The main issue is that pip installing torch with rocm support brings in ~8.4GB of libs with ROCm version 5.4.0
This is how the space is used:
somebody@4b8595f6b014:/srv/revert_risk_model$ du -hs /opt/lib/python/site-packages/torch/lib/* | sort -h | tail 390M /opt/lib/python/site-packages/torch/lib/libMIOpen.so 497M /opt/lib/python/site-packages/torch/lib/libtorch_cpu.so 596M /opt/lib/python/site-packages/torch/lib/librocsparse.so 693M /opt/lib/python/site-packages/torch/lib/librocfft-device-0.so 696M /opt/lib/python/site-packages/torch/lib/librocfft-device-1.so 715M /opt/lib/python/site-packages/torch/lib/libtorch_hip.so 721M /opt/lib/python/site-packages/torch/lib/librocfft-device-2.so 764M /opt/lib/python/site-packages/torch/lib/librocfft-device-3.so 1.1G /opt/lib/python/site-packages/torch/lib/librocsolver.so 1.4G /opt/lib/python/site-packages/torch/lib/rocblas
In particular, the rocblas directory contains libs to support all AMD GPU cards available, something that we don't really need.

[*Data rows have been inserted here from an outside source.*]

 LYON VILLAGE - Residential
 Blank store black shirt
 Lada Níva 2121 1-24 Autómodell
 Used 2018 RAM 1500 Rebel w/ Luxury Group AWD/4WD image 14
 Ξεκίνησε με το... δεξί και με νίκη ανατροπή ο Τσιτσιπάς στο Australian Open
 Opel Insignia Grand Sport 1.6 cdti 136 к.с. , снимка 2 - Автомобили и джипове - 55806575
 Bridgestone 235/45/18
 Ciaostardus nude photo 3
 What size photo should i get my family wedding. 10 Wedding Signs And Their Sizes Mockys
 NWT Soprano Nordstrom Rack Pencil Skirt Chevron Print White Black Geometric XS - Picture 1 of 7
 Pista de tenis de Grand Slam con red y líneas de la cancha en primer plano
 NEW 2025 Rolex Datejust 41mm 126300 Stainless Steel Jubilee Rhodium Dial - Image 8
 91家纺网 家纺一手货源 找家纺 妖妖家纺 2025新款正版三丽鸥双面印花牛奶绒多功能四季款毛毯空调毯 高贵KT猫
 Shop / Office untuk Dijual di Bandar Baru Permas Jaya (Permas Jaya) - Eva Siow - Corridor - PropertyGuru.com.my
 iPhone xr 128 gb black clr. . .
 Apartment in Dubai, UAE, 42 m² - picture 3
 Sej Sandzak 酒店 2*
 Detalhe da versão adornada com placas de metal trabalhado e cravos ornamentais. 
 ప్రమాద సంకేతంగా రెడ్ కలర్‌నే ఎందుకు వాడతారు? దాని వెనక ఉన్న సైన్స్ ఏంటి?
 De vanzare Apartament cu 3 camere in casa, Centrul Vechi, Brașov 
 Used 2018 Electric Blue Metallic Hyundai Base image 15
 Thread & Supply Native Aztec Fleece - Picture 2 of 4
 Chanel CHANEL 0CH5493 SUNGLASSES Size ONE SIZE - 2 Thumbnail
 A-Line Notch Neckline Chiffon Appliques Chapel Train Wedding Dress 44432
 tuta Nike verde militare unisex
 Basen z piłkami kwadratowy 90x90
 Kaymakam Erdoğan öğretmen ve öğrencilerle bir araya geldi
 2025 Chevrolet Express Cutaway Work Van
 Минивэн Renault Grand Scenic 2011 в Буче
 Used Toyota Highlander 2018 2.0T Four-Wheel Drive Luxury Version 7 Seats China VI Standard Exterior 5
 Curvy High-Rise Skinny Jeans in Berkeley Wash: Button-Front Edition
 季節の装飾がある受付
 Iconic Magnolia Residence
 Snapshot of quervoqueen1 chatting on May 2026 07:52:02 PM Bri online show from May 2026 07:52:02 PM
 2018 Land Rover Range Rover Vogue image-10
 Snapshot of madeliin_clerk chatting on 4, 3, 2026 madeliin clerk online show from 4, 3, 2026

This task should investigate if it is possible to reduce the size of the package, maybe building it with our own infrastructure.
Useful links:
- How to build torch with ROCm support: https://lernapparat.de/pytorch-rocm
- Layers of the rocm/pytorch image (pay attention to the use of PYTORCH_ROCM_ARCH with multiple/selected archs).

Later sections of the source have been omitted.